## Work instructions
In the listing below, find the line containing "చెరవీడని సర్కారు భూమి!" and the line containing "Edificio Industrial En". Repeat exactly those two lines and every line between them, nothing more.

__________

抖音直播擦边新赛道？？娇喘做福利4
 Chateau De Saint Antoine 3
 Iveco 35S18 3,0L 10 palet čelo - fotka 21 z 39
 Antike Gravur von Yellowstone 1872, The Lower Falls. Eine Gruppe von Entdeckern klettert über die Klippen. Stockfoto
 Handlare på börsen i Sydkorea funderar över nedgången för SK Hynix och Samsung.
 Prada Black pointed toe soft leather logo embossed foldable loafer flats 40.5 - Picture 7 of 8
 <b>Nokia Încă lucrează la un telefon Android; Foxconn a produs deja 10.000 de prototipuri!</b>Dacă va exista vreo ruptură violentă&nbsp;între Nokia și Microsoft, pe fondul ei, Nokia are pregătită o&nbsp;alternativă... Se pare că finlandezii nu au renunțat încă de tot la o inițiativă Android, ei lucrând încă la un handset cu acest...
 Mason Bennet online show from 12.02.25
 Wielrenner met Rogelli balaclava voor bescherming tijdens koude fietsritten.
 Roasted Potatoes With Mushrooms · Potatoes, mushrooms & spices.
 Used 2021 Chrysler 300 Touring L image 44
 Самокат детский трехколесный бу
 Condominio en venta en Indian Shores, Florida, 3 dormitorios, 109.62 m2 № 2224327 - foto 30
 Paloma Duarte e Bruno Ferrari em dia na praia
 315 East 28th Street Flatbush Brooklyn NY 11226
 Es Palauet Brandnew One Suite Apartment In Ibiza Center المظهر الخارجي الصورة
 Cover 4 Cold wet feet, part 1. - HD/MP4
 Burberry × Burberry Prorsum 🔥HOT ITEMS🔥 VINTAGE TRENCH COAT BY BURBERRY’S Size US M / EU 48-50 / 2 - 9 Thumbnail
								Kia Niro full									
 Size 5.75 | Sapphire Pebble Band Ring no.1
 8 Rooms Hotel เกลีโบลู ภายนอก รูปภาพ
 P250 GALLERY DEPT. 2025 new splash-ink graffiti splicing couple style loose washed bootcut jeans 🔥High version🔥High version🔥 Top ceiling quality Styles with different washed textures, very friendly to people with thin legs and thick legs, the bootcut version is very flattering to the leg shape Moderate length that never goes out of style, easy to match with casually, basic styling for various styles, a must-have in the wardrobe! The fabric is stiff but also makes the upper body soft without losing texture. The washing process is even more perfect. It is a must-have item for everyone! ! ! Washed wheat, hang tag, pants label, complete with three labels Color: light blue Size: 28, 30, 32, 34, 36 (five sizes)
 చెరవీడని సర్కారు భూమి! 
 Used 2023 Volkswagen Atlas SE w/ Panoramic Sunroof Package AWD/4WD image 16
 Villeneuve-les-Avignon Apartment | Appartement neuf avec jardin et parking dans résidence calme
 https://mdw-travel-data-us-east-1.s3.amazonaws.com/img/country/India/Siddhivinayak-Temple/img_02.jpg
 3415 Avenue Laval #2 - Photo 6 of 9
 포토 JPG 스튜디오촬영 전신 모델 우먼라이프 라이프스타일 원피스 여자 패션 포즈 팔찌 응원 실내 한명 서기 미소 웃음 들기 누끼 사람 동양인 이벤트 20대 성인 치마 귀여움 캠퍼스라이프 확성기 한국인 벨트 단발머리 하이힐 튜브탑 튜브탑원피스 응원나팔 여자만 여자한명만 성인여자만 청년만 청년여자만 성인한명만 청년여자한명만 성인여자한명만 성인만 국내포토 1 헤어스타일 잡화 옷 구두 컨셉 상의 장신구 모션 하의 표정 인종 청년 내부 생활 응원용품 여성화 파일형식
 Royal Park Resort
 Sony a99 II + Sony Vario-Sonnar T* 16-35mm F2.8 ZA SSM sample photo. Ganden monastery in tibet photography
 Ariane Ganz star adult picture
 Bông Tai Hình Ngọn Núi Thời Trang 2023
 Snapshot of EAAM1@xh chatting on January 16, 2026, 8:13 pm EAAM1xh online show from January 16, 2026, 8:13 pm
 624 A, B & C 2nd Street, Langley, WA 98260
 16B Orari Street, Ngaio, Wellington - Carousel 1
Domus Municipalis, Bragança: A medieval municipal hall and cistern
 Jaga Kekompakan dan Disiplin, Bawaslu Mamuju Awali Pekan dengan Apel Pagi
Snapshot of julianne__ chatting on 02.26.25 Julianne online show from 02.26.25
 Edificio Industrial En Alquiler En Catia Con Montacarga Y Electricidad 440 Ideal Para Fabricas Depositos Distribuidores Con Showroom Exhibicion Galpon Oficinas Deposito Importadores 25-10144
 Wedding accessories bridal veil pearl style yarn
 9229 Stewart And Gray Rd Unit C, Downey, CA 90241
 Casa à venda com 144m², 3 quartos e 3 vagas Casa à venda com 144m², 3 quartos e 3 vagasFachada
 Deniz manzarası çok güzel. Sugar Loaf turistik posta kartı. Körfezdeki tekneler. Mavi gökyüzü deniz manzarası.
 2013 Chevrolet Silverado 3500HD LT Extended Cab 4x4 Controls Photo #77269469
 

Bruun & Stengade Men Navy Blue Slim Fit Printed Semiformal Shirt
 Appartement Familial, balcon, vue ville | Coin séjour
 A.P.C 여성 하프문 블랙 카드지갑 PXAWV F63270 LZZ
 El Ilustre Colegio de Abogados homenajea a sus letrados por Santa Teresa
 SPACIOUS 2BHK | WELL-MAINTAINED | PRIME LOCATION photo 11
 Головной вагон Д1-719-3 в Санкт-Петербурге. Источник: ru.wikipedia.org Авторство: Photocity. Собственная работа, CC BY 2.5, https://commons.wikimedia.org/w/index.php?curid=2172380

__________

## Your solution
 చెరవీడని సర్కారు భూమి! 
 Used 2023 Volkswagen Atlas SE w/ Panoramic Sunroof Package AWD/4WD image 16
 Villeneuve-les-Avignon Apartment | Appartement neuf avec jardin et parking dans résidence calme
 https://mdw-travel-data-us-east-1.s3.amazonaws.com/img/country/India/Siddhivinayak-Temple/img_02.jpg
 3415 Avenue Laval #2 - Photo 6 of 9
 포토 JPG 스튜디오촬영 전신 모델 우먼라이프 라이프스타일 원피스 여자 패션 포즈 팔찌 응원 실내 한명 서기 미소 웃음 들기 누끼 사람 동양인 이벤트 20대 성인 치마 귀여움 캠퍼스라이프 확성기 한국인 벨트 단발머리 하이힐 튜브탑 튜브탑원피스 응원나팔 여자만 여자한명만 성인여자만 청년만 청년여자만 성인한명만 청년여자한명만 성인여자한명만 성인만 국내포토 1 헤어스타일 잡화 옷 구두 컨셉 상의 장신구 모션 하의 표정 인종 청년 내부 생활 응원용품 여성화 파일형식
 Royal Park Resort
 Sony a99 II + Sony Vario-Sonnar T* 16-35mm F2.8 ZA SSM sample photo. Ganden monastery in tibet photography
 Ariane Ganz star adult picture
 Bông Tai Hình Ngọn Núi Thời Trang 2023
 Snapshot of EAAM1@xh chatting on January 16, 2026, 8:13 pm EAAM1xh online show from January 16, 2026, 8:13 pm
 624 A, B & C 2nd Street, Langley, WA 98260
 16B Orari Street, Ngaio, Wellington - Carousel 1
Domus Municipalis, Bragança: A medieval municipal hall and cistern
 Jaga Kekompakan dan Disiplin, Bawaslu Mamuju Awali Pekan dengan Apel Pagi
Snapshot of julianne__ chatting on 02.26.25 Julianne online show from 02.26.25
 Edificio Industrial En Alquiler En Catia Con Montacarga Y Electricidad 440 Ideal Para Fabricas Depositos Distribuidores Con Showroom Exhibicion Galpon Oficinas Deposito Importadores 25-10144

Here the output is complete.